CloudOps - Monitoring Engineer
ey
Job Description
Your key responsibilities
- Monitor cloud infrastructure and platform health using predefined observability tools
- Acknowledge and validate alerts from monitoring tools and determine the next course of action
- Follow standard operating procedures (SOPs) and runbooks for initial triage before escalating
- Reassign unresolved incidents and requests in ITSM tool to the correct product teams
- Ensure accurate ticket documentation with timestamps, initial analysis, and handoff details
- Communicate clearly with L2/L3 teams and stakeholders to facilitate smooth issue escalation
- Perform shift handovers with detailed updates to ensure continuity in monitoring
Skills and attributes for success
- Basic understanding of cloud services such as AWS (EC2, S3, IAM, Secrets Manager).

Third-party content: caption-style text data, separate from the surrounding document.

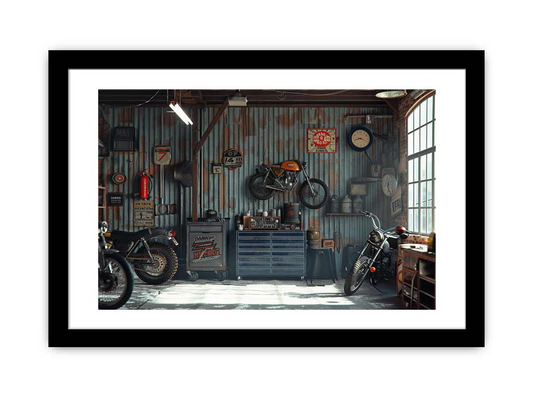 Shop the Garage Framed Print - High-Quality, Archival Poster Art - BEYRUN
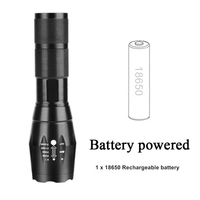 Lampe de poche étanche noire Rechargeable, torche 18650 Super lumineuse, Zoom, torche puissante, lumière tactique led, lampes de poche 1000 Lumen
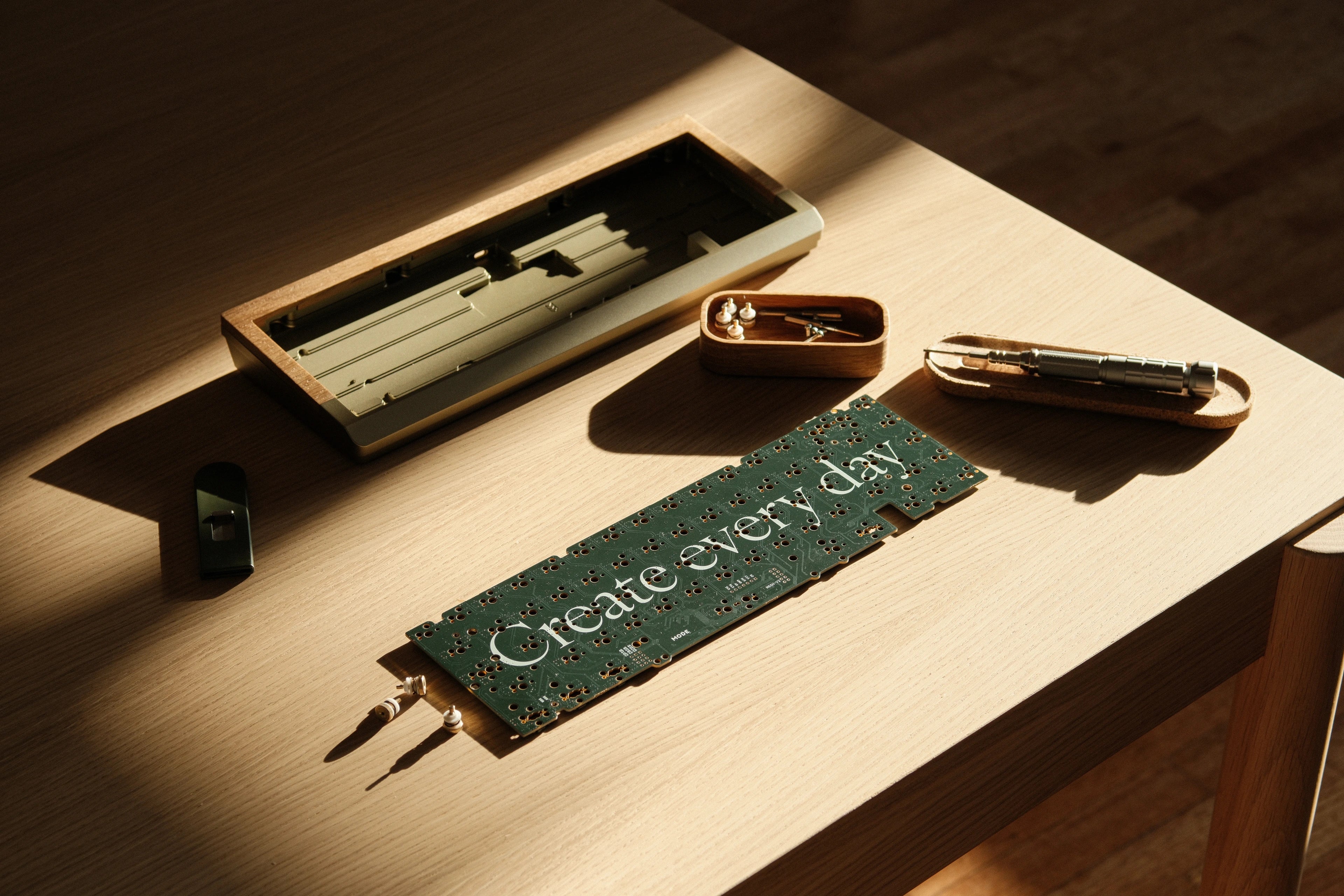 A lineup of Crown Mounting System prototypes, from earliest to final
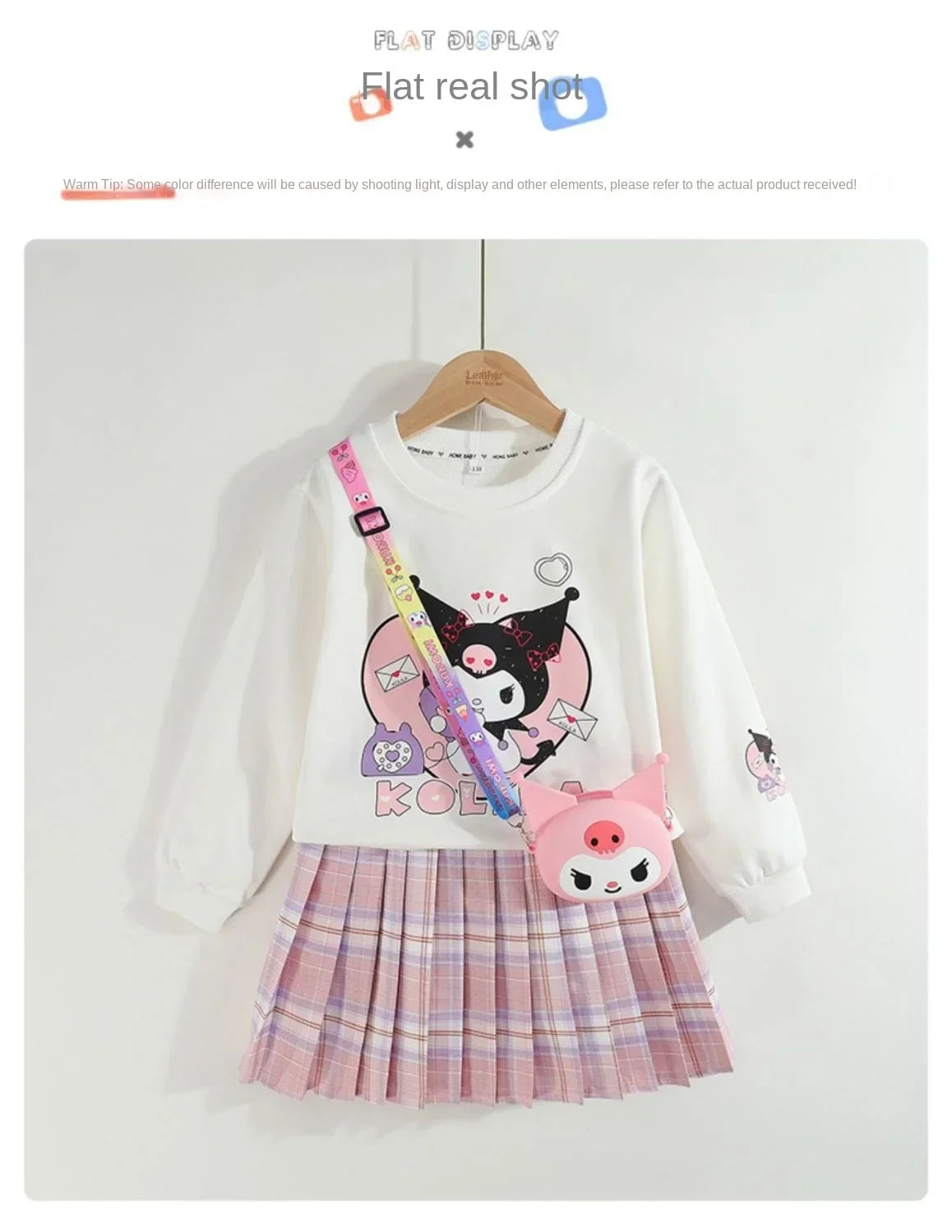 Kids Clothes Set Spring Autumn Children Kuromi Long Sleeved Sweater Tops+Checkered Pleated Skirt 2pce Teen Girls Preppy Clothing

- Familiarity with observability tools like Prometheus, Grafana, Datadog, OpenTelemetry (OTEL), Splunk, AWS CloudWatch.
- Ability to strictly follow SOPs and predefined triage steps without deviation.
- Strong attention to detail for accurate documentation and handoffs.
- Good communication skills to effectively collaborate with L3 teams and stakeholders
To qualify for the role, you must have
- 0-2 years of experience in cloud infrastructure or application monitoring.
- Basic understanding of cloud platform - AWS and operating systems (Windows/Linux).
- Knowledge of monitoring tools like Azure Monitor, AWS CloudWatch, or third-party tools such as New Relic, Datadog, or Grafana.
- Experience working with ITSM tools.
- Basic knowledge of DevOps tools such as Jenkins, Kubernetes, and Git.